▶ _EXERCISE INPUTS_:
+ + + + + + +
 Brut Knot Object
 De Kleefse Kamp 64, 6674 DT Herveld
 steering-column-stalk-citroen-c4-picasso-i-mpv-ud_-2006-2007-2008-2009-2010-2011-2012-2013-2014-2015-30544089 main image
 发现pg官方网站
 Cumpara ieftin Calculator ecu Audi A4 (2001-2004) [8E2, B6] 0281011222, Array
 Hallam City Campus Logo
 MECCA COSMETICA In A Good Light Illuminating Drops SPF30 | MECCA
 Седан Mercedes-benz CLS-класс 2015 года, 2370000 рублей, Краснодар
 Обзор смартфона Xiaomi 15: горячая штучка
+ + + + + + +
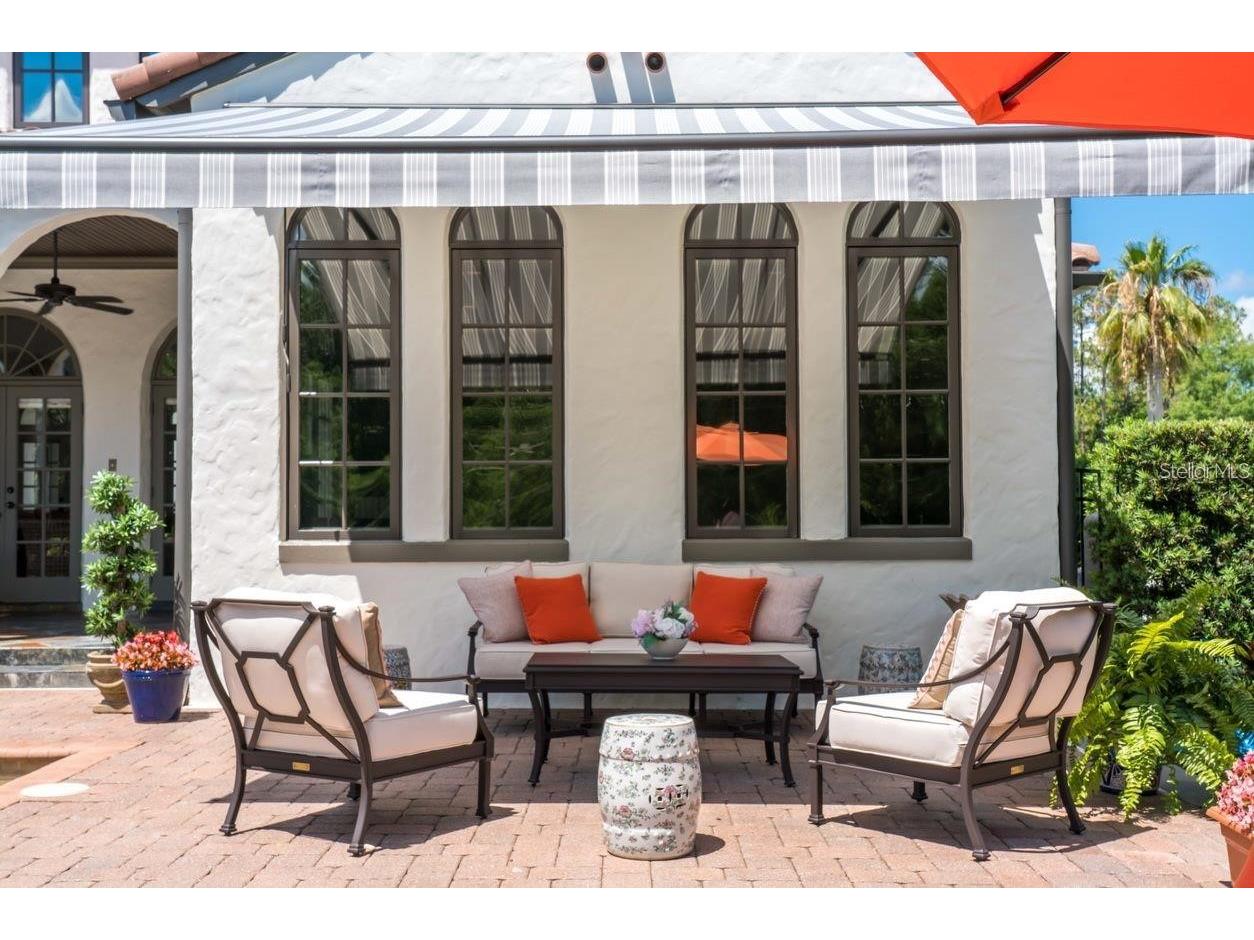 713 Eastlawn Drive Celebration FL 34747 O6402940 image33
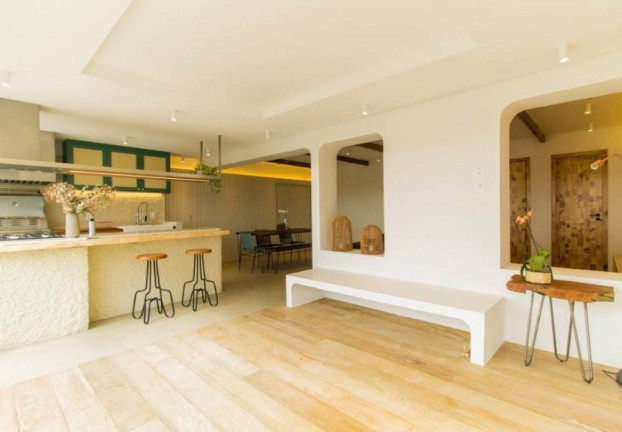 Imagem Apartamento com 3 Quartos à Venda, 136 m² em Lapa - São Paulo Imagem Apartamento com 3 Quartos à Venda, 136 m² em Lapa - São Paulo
+ + + + + + +
▶ _WHAT IS BEING ASKED_:
Among the lines above, repeat exactly those from the line with "Brut Knot Object" to the line with "Обзор смартфона Xiaomi 15: горячая штучка", counting both ends.

▶ _RESULT OF THE EXERCISE_:
 Brut Knot Object
 De Kleefse Kamp 64, 6674 DT Herveld
 steering-column-stalk-citroen-c4-picasso-i-mpv-ud_-2006-2007-2008-2009-2010-2011-2012-2013-2014-2015-30544089 main image
 发现pg官方网站
 Cumpara ieftin Calculator ecu Audi A4 (2001-2004) [8E2, B6] 0281011222, Array
 Hallam City Campus Logo
 MECCA COSMETICA In A Good Light Illuminating Drops SPF30 | MECCA
 Седан Mercedes-benz CLS-класс 2015 года, 2370000 рублей, Краснодар
 Обзор смартфона Xiaomi 15: горячая штучка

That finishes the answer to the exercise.